I was determined to get into Harvard Law School. While my college friends went out and drank, I did nothing but study for 4 years. Thanks to that, I graduated with an A average, and my father asked renowned jurists to write letters of recommendation for me. All I had to do now was do well on the LSAT.

My determination grew as I prepared for the test. Unusually for me, I even went to church and prayed. Getting into Harvard would be a dream come true. I’d be able to hold my head up high at Christmas dinner. I’d be free from the weight of my parents’ expectations. My dad could help me get a good internship and my brother could introduce me to his law firm colleagues. It felt like an express highway to paradise. Just the thought of it thrilled me.

But what if I failed the test and my parents were even more disappointed? I’d feel depressed and guilty forever. I was suddenly overcome by fear. If I didn’t get a good score, I wouldn’t make it to law school the next year. And I couldn’t very well just keep taking the LSAT over and over again. I had to succeed the first time.

As my fears grew, I developed insomnia. I often dreamed about failing the test and woke up sitting bolt upright. I felt dragged down and exhausted all the time. I lost 10 pounds in a month and it got harder to focus on my studies.

It was finally test day. As I was working through the test, I came to a really difficult question. My mind went blank and I stiffened. It was hard to even see straight. In the end, I handed in my test without finishing every question. With that score, I’d never be able to attend any Ivy League school, much less Harvard.

I’m now prepping for the test again. I’m even more desperate to finish it since I’ve failed once. There’s still plenty of time until the test, but I’ve already got insomnia again. What if I fail again? I just don’t know what to do.

-Adam from Boston

 

A: “If you really want it, it will happen.” We often hear that on TV or read it in books. Let’s consider it for a moment. Do the things we earnestly long for always happen? If not, why?

When we examine similar cases, we learn that ironically, the biggest problem is the ardent desire itself. If you want something to much, it won’t happen.

“I really need to get this contract. How great would it be to get that promotion and bonus? But what if I fail? That previous contract went off the rails at the last minute and I missed out on a promotion.”

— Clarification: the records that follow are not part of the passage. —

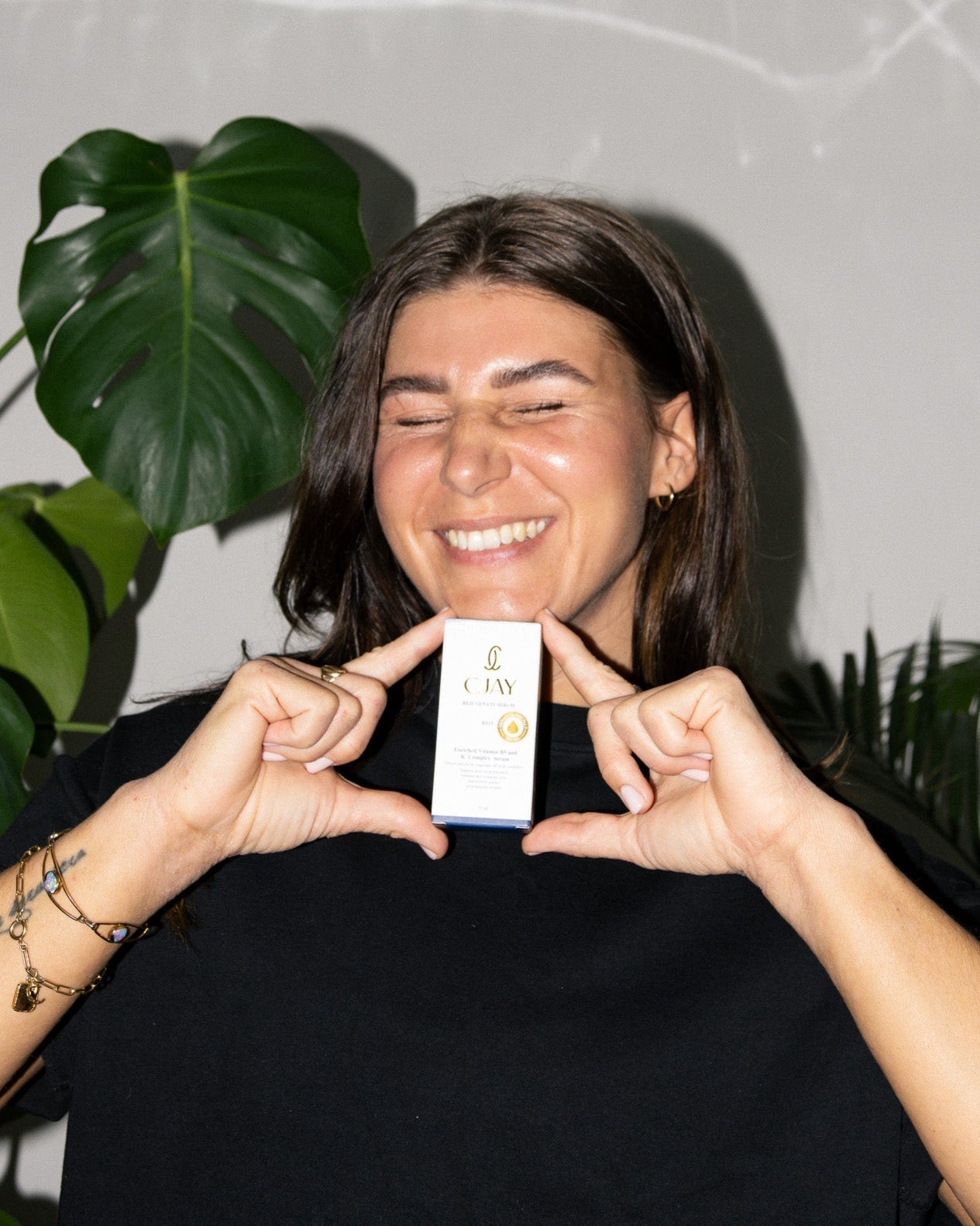 Person holding a product box with plants in the background
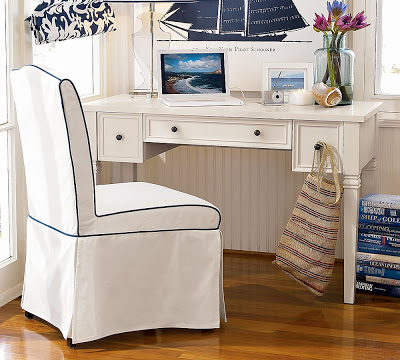 White hardwood desk with tapered legs and molded drawer fronts from Pottery Barn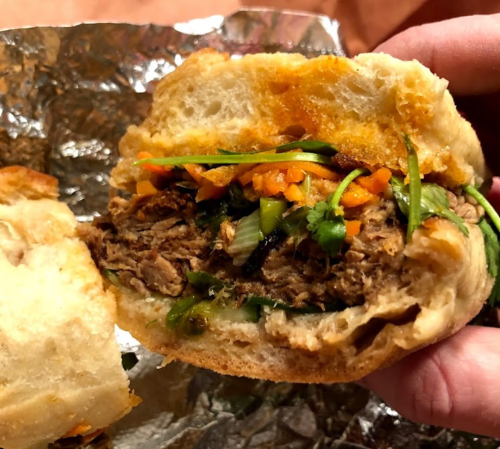 A close-up of a sandwich filled with shredded meat, fresh herbs, and vegetables, held in a hand.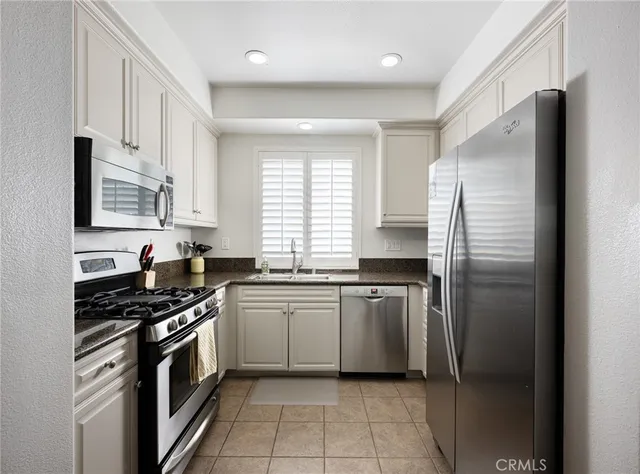 a kitchen with stainless steel appliances granite countertop a refrigerator a sink a stove a washer dryer and a cabinets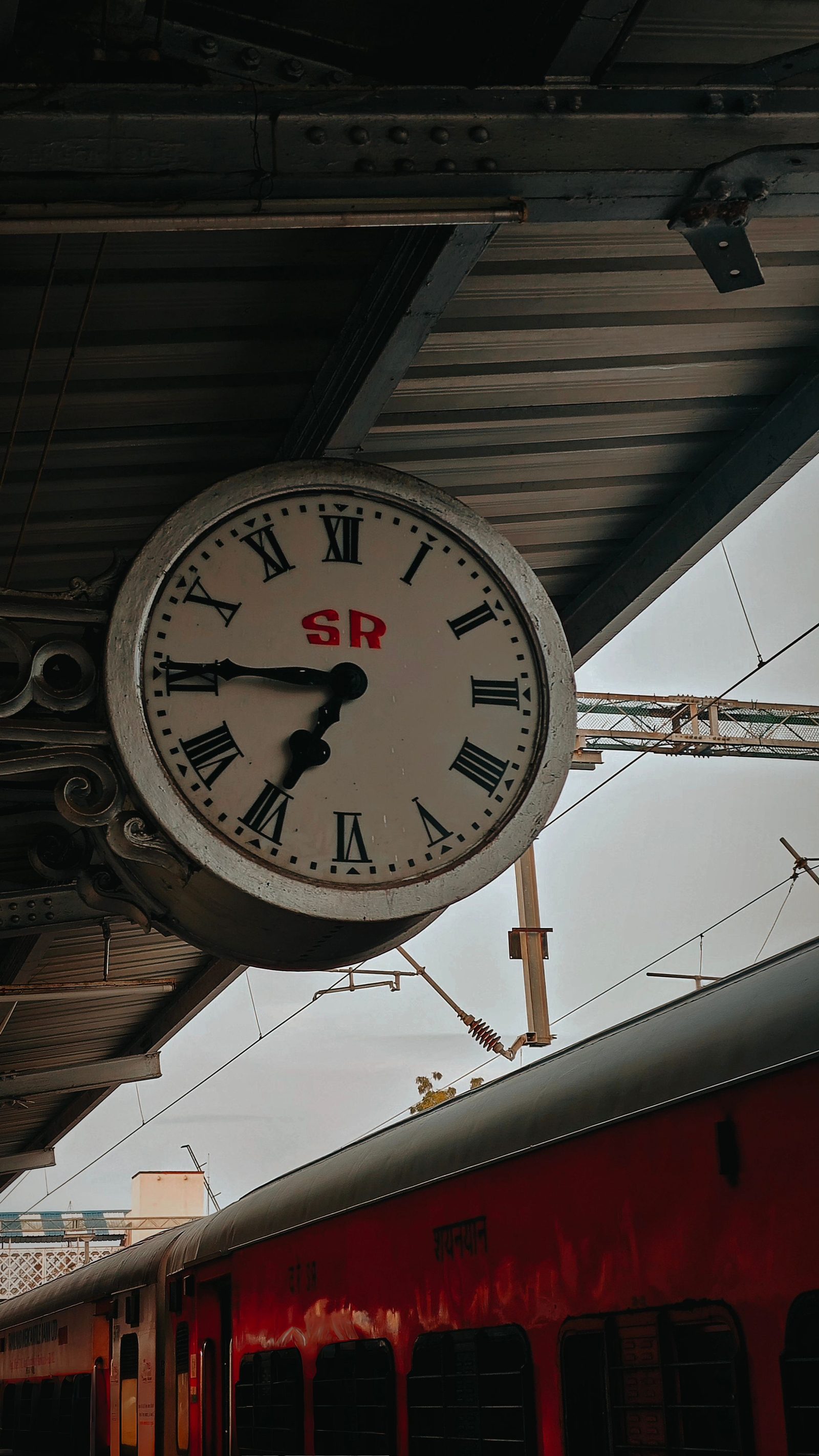 An analogue clock on the platform at Dindigul railway station.
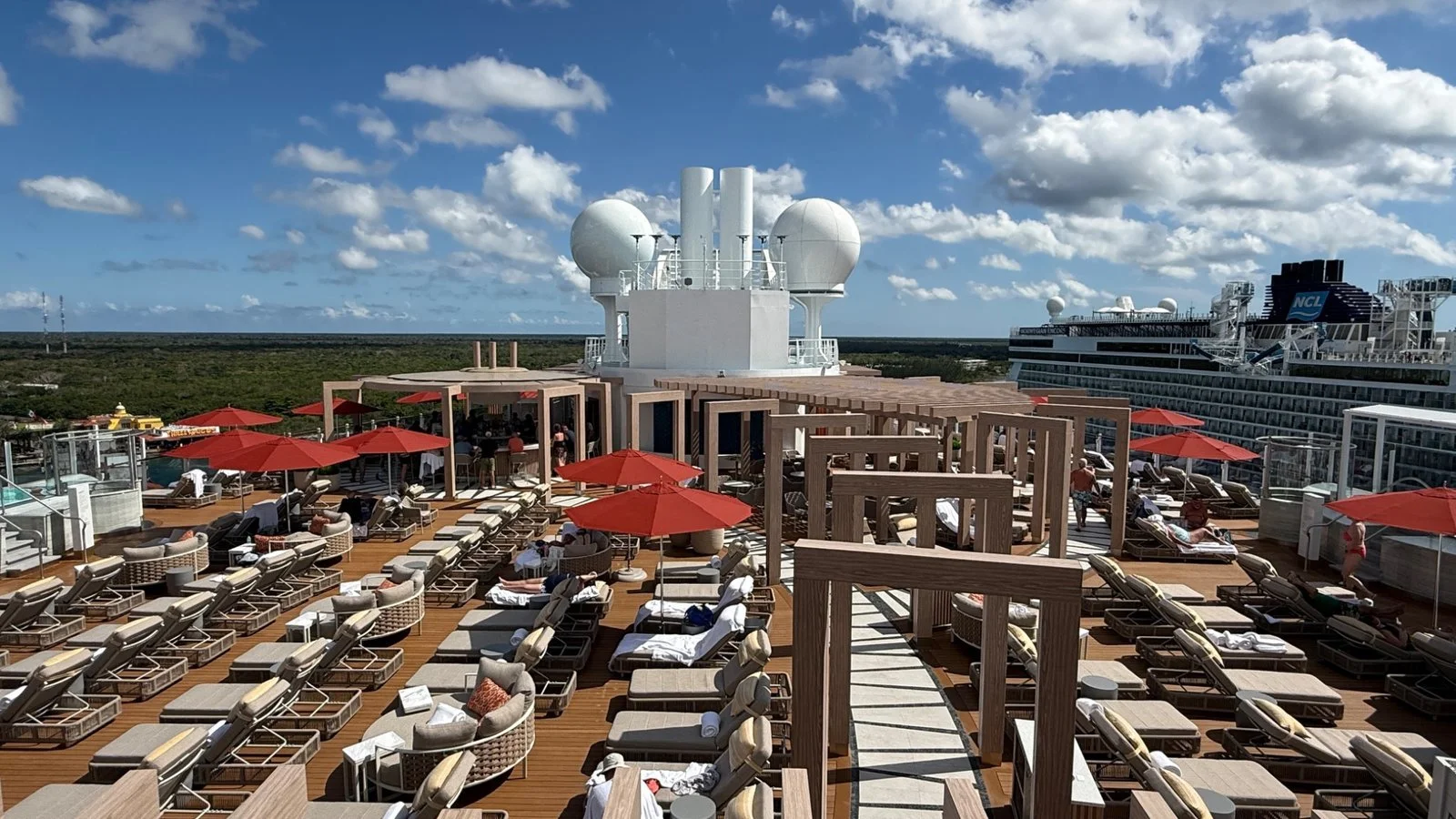 Cruise ship sundeck with sun loungers, cabanas and ocean views under a bright blue sky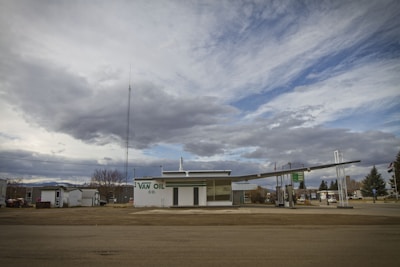 An old-fashioned gas station with a large sign reading 'VAN OIL CO.' in green letters. The structure is situated under a cloudy sky with patches of blue visible. The setting appears quiet and somewhat deserted, with no vehicles or people present. There are some bare trees and a few buildings in the background.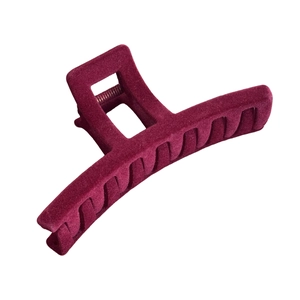 Elegant large burgundy flocked hair claw clip with matte velvet texture for women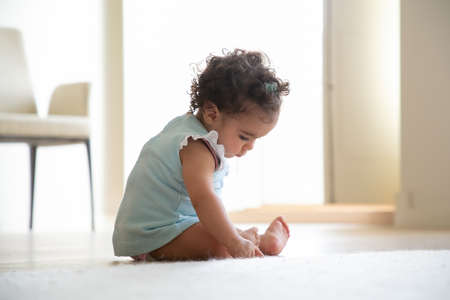 Pensive dark curly haired baby girl wearing pale blue dress, sitting on floor at home, touching carpet, looking down. Side view. Kid at home and childhood conceptの写真素材
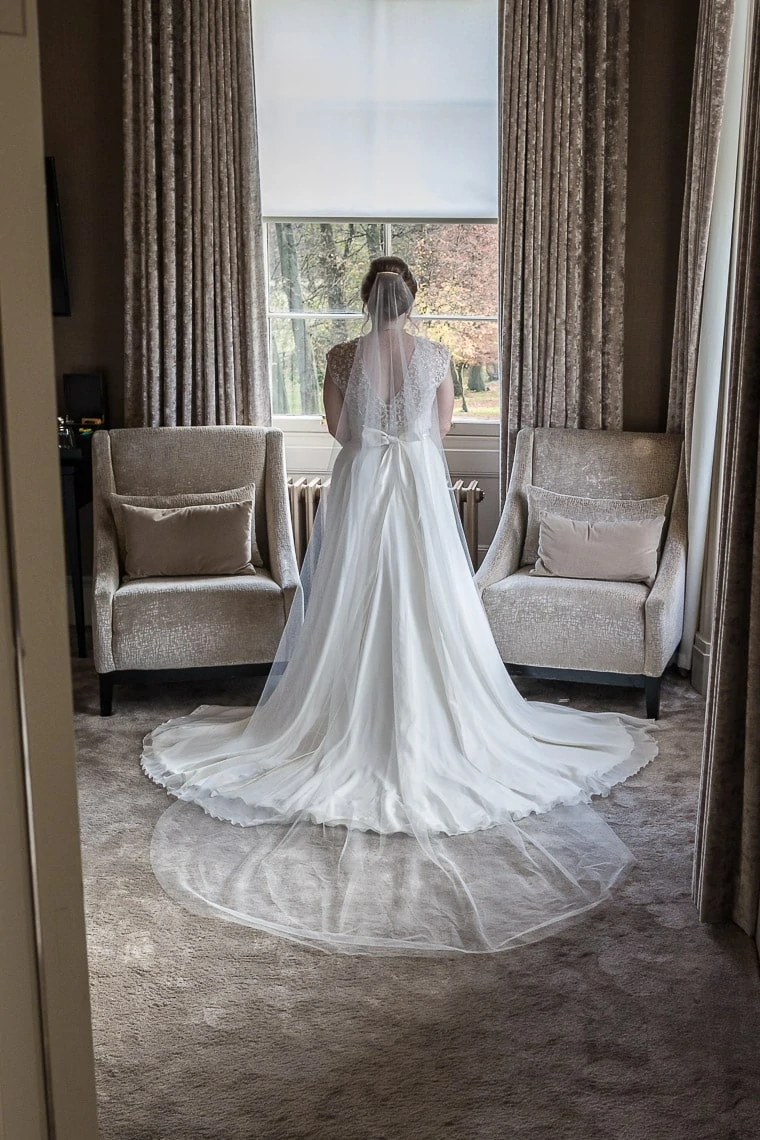 bride view of the back of the dress pre-ceremony photo in bedroom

“I have to do well in that job interview tomorrow. Once I’ve got a job, I can propose to my girlfriend. But what if the interview questions are too hard? What if I’m too nervous and stumble over my words?”

These examples show how our fears grow the more ardently we want something. These feelings increase our anxiety and hinder our focus. This is why top-ranked athletes flop at the Olympics and students fail crucial tests.

To return to your question, I recommend you first reflect on your attitude toward your goal. Excessive yearning and idealization of your goal can easily lead to anxiety and fear. These feelings push away good fortune and replace it with bad luck, ultimately ruining your dreams.

Attending Harvard Law School won’t solve all your problems or lead to eternal happiness. Keep preparing little by little and you’ll get there someday. Put aside your desperate expectations and try to feel at ease and comfortable about your goal.

It’s when people are relaxed and comfortable that they can be themselves and use their capabilities to their utmost. Achieving goals naturally becomes easier at these times. If, on the other hand, you are caught up in a battle with yourself, your life will be an ongoing war and the road to your dream can only be rugged and difficult.

Suh Yoon's Quotes

“If you want something to much, it won’t happen. Our fears grow the more ardently we want something. These feelings increase our anxiety and hinder our focus.”

“It’s when people are relaxed and comfortable that they can be themselves and use their capabilities to their utmost.”

“Excessive yearning and idealization of your goal can easily lead to anxiety and fear. These feelings push away good fortune and replace it with bad luck, ultimately ruining your dreams.”